§ Your goal: In the material below, repeat only the lines from the one that holds "Затирка цементная для" through the final line, exactly as they stand.

§ Given information:
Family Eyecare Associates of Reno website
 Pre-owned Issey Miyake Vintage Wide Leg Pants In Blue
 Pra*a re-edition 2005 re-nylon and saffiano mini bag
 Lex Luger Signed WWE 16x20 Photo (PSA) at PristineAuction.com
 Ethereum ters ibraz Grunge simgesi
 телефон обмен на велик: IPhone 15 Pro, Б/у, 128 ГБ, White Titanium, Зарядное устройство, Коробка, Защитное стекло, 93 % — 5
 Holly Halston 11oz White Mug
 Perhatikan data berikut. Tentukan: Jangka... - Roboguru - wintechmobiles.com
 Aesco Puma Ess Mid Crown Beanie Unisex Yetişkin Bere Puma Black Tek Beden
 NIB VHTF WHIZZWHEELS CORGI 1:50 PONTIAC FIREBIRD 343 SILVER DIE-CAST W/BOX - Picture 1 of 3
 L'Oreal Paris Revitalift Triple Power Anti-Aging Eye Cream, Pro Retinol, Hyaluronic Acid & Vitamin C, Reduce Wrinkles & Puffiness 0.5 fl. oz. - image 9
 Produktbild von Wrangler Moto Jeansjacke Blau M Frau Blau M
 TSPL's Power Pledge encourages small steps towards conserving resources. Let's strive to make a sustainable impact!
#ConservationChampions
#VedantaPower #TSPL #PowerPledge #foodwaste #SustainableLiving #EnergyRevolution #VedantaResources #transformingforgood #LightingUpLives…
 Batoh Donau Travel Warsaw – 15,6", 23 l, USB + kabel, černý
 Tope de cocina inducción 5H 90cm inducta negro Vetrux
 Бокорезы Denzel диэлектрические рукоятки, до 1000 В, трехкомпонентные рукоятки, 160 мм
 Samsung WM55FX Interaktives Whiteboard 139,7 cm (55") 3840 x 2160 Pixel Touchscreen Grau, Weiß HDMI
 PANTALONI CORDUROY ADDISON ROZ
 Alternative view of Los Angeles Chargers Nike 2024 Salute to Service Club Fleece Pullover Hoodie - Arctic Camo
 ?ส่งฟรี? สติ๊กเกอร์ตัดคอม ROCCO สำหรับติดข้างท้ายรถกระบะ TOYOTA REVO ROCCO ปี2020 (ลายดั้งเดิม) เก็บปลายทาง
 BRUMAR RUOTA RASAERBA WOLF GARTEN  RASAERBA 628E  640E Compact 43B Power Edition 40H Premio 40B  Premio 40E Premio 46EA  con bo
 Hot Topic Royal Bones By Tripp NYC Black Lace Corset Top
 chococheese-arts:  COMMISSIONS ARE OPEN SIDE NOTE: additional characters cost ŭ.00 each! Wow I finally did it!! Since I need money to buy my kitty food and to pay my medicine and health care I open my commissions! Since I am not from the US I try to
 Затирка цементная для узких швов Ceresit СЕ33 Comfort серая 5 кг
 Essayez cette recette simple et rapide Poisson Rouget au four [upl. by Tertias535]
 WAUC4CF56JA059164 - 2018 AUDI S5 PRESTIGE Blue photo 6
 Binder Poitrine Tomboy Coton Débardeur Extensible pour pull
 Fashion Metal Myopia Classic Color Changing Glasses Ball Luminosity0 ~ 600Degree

§ Solution:
 Затирка цементная для узких швов Ceresit СЕ33 Comfort серая 5 кг
 Essayez cette recette simple et rapide Poisson Rouget au four [upl. by Tertias535]
 WAUC4CF56JA059164 - 2018 AUDI S5 PRESTIGE Blue photo 6
 Binder Poitrine Tomboy Coton Débardeur Extensible pour pull
 Fashion Metal Myopia Classic Color Changing Glasses Ball Luminosity0 ~ 600Degree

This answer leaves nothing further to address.